TASK STATEMENT:
Which lines run from the one containing "How to know" through the end of the data? Write them out exactly, with the pictures left out.

WORKING DATA:
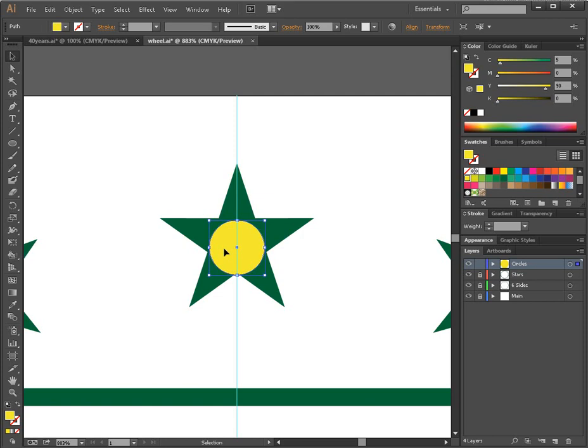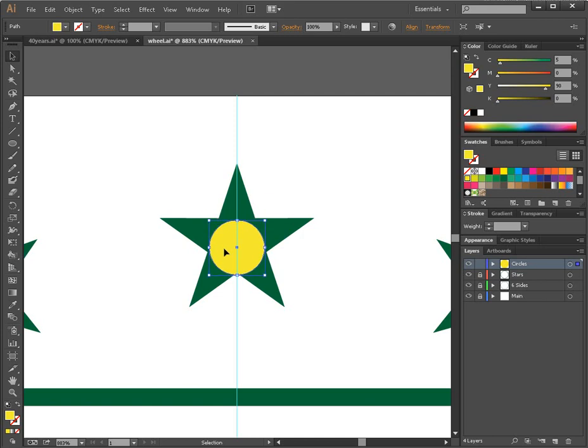The kind of thing I'm talking about is this. I have this yellow circle. I want to center it in the middle of this star. But when I press the arrow key up or down, it jumps too far. What we need to do is adjust the keyboard increment in Adobe Illustrator.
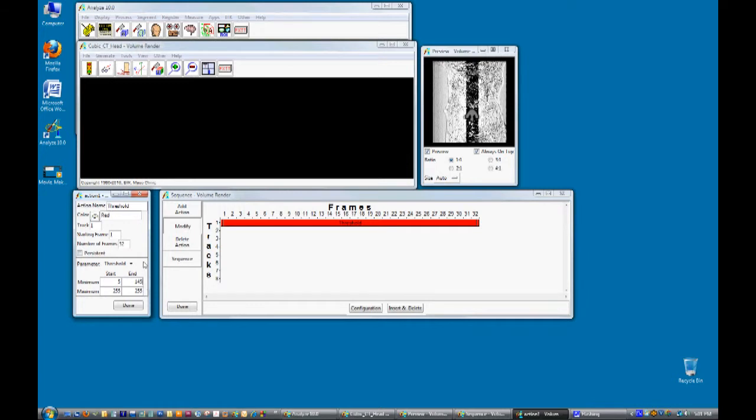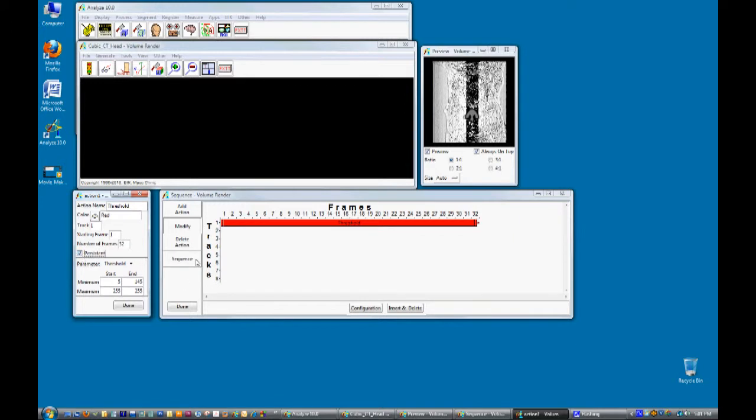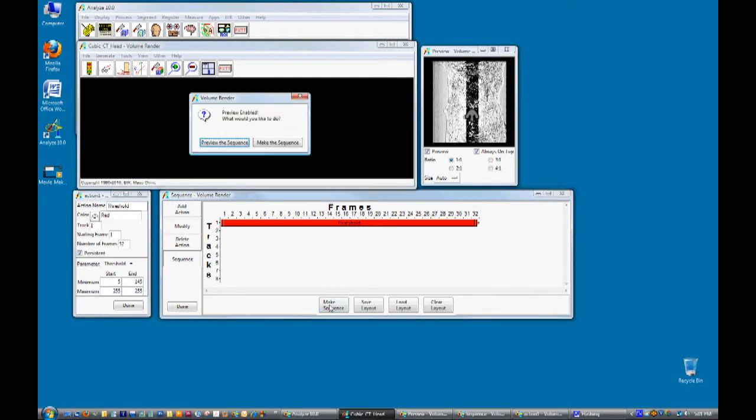Because we will add additional actions after this action, check the persistent option. To preview the movie so far click on sequence and then make sequence, and then check on the preview sequence option.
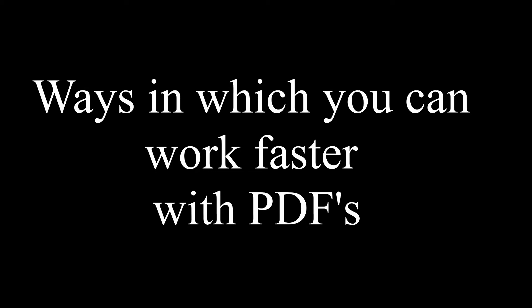Welcome to this video on PDF productivity. In this tutorial I'm going to show you some ways in which you can work faster with PDFs.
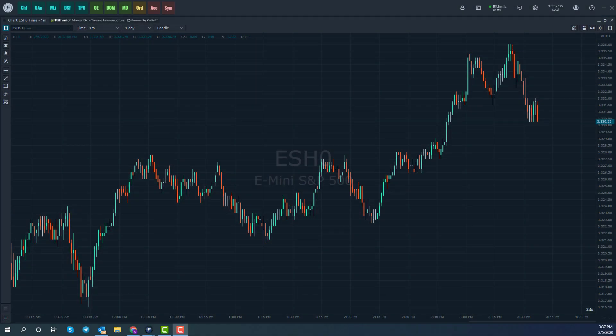Hi, this is Jake from Optimus Futures, and in this video, I'll be showing you how to add indicators, overlays, and drawing tools to your charts on Optimus Flow.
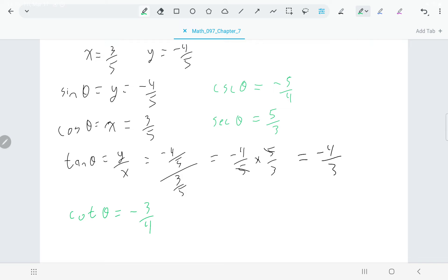Again, notice four of the six trig functions are negative and two are positive. Whether we're talking about angles in standard position or angles within a unit circle, if the angle is not in quadrant 1, then some trig functions will be positive and some will be negative.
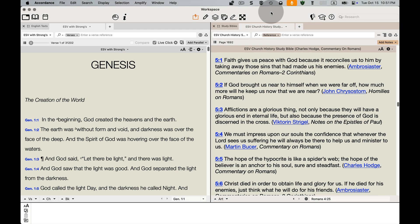If you want a good introduction into church history, the ESV Church History Study Bible is a great resource for your library. You can see that it offers concise notes from various church fathers and from people throughout church history.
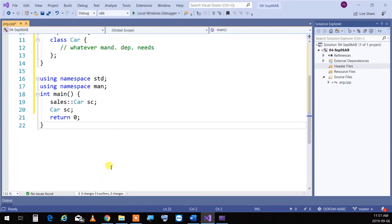Why do we write 'using namespace std'? C++ didn't originally have namespaces. When they added the namespace feature, all the standard library things moved into the std namespace. Because we use standard features constantly, we write 'using namespace std'. Otherwise, you'd have to write std::cout every single time.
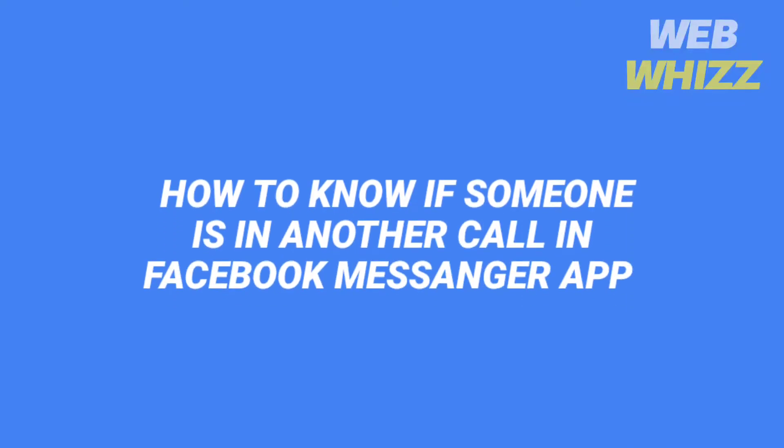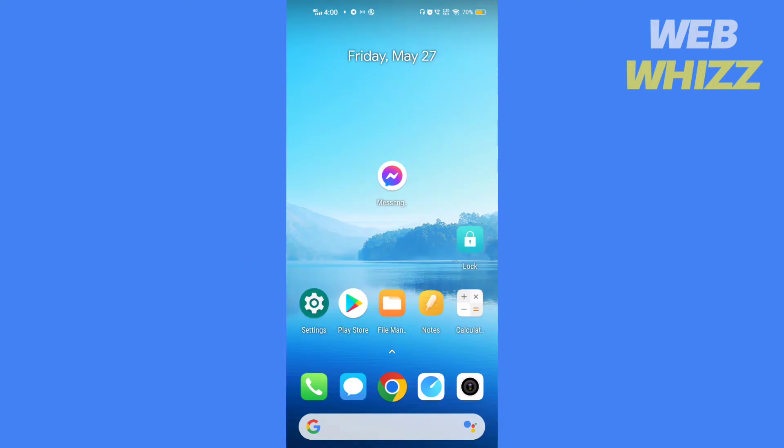How to know if someone is in another call in Facebook Messenger app. Hello and welcome to our channel. In this video, I will show you how you can find out if someone is on another call on the Messenger app.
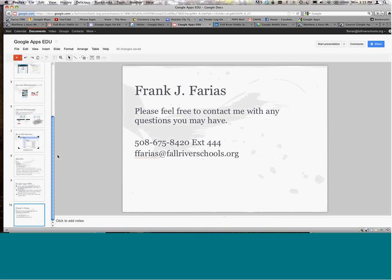Thank you everybody for joining us. Thanks everybody — have a good one.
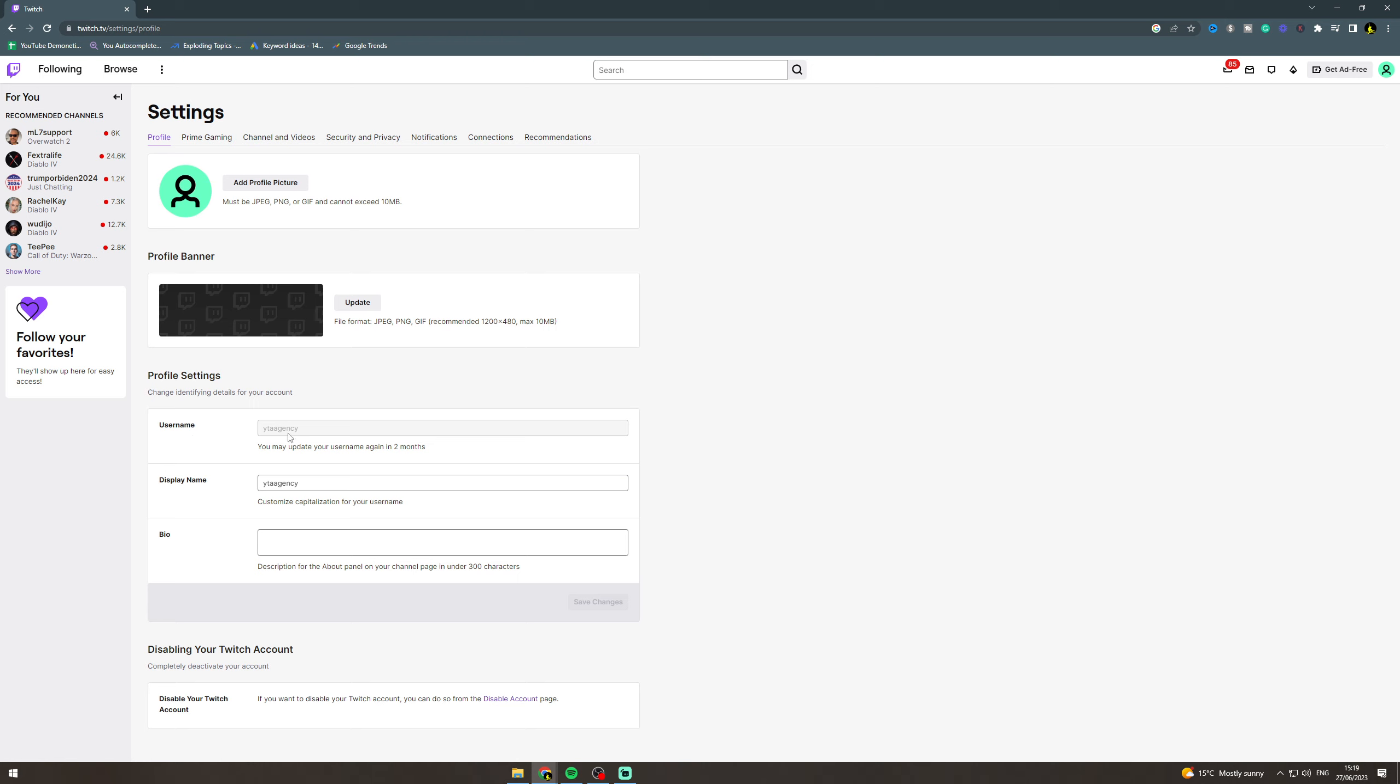This is where you can change your username. You can only do this every two or three months, I believe, so make sure that when you change it, it's something you want because you can't change it straight away.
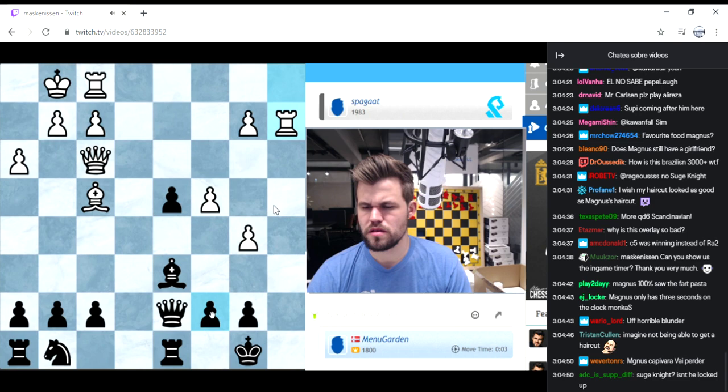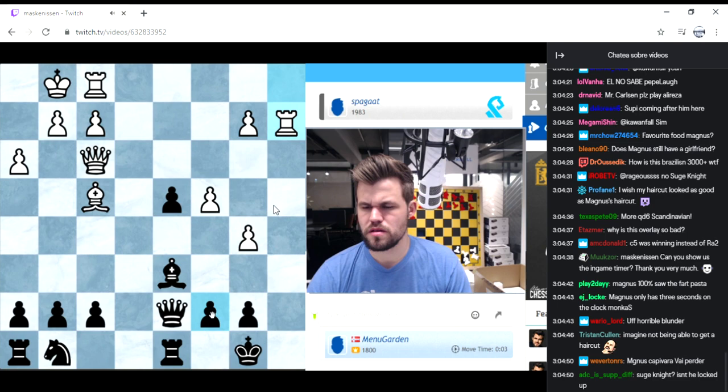Hmm, probably he's still lost. Okay, Qf5 maybe.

TASK SOLUTION:
How to know if someone is in another call in Facebook Messenger app. Hello and welcome to our channel. In this video, I will show you how you can find out if someone is on another call on the Messenger app.
Thank you everybody for joining us. Thanks everybody — have a good one.
This is where you can change your username. You can only do this every two or three months, I believe, so make sure that when you change it, it's something you want because you can't change it straight away.
Hmm, probably he's still lost. Okay, Qf5 maybe.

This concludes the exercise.